| What you have to do |
Copy every record verbatim. Leave the pictures out.

Dataset items:
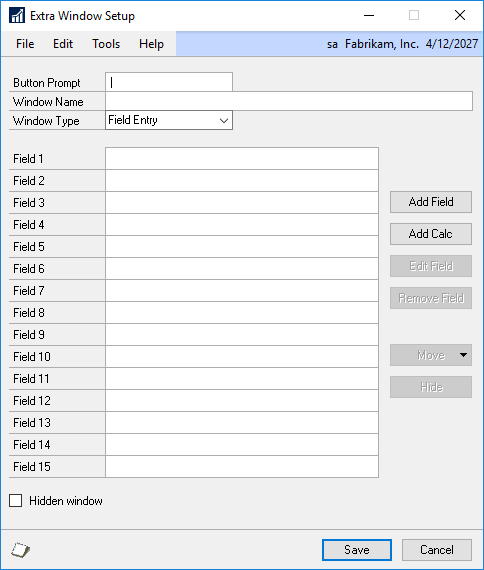 Form Extra Window Setup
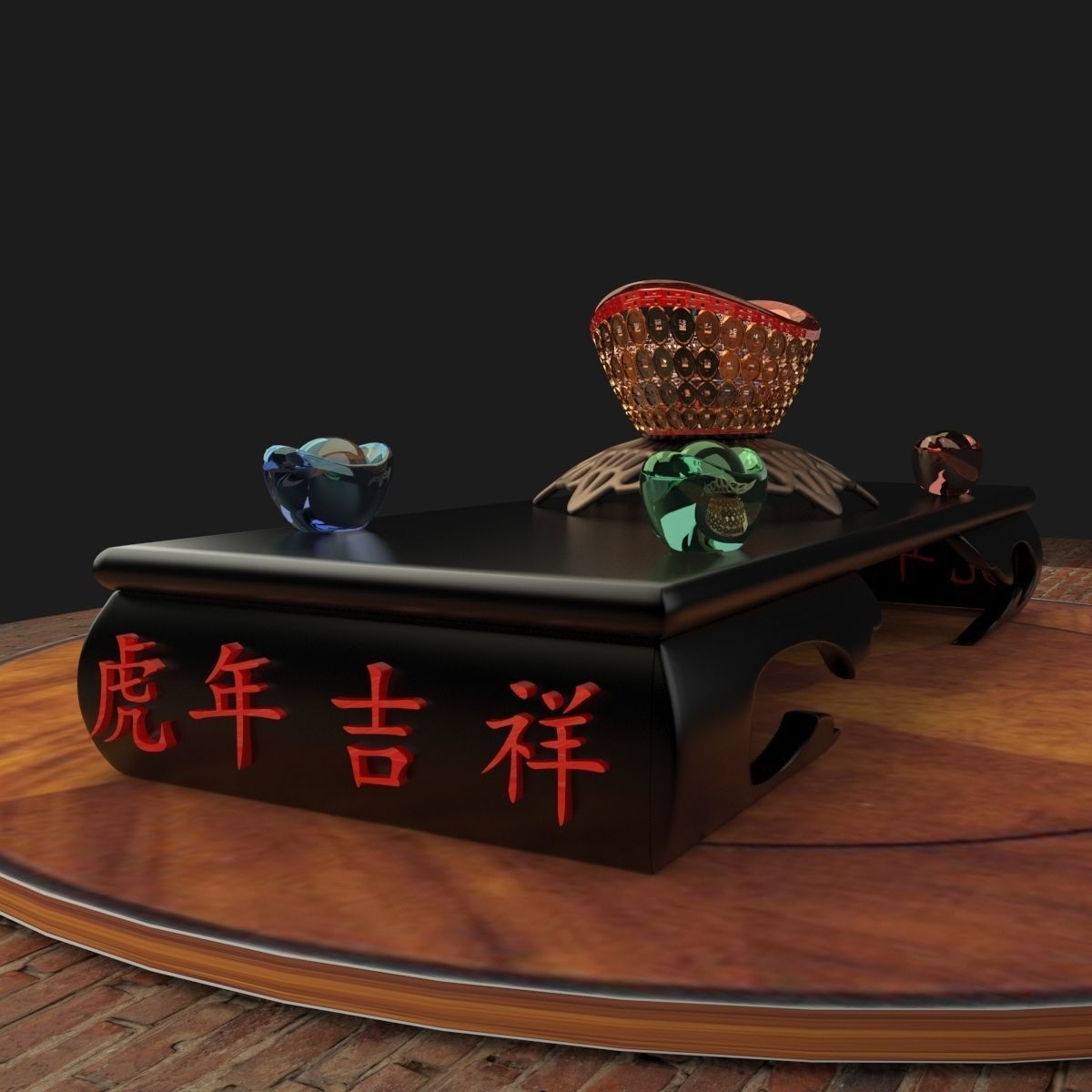 Chinese gold Ingot 3D model_5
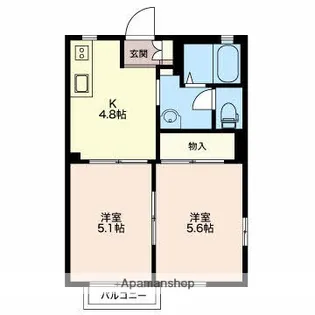 アーク西田中【A103号室】の間取り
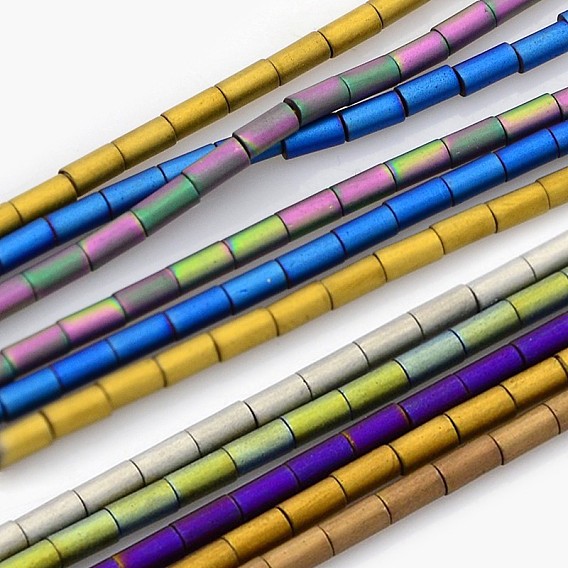 Гальванизировать обмороженные немагнитных синтетический гематит бисер пряди, колонка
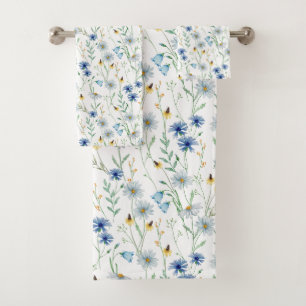 Watercolor Wildflower Meadow Floral Pattern Bath Towel Set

| Result below |
 Form Extra Window Setup
 Chinese gold Ingot 3D model_5
 アーク西田中【A103号室】の間取り
 Гальванизировать обмороженные немагнитных синтетический гематит бисер пряди, колонка
 Watercolor Wildflower Meadow Floral Pattern Bath Towel Set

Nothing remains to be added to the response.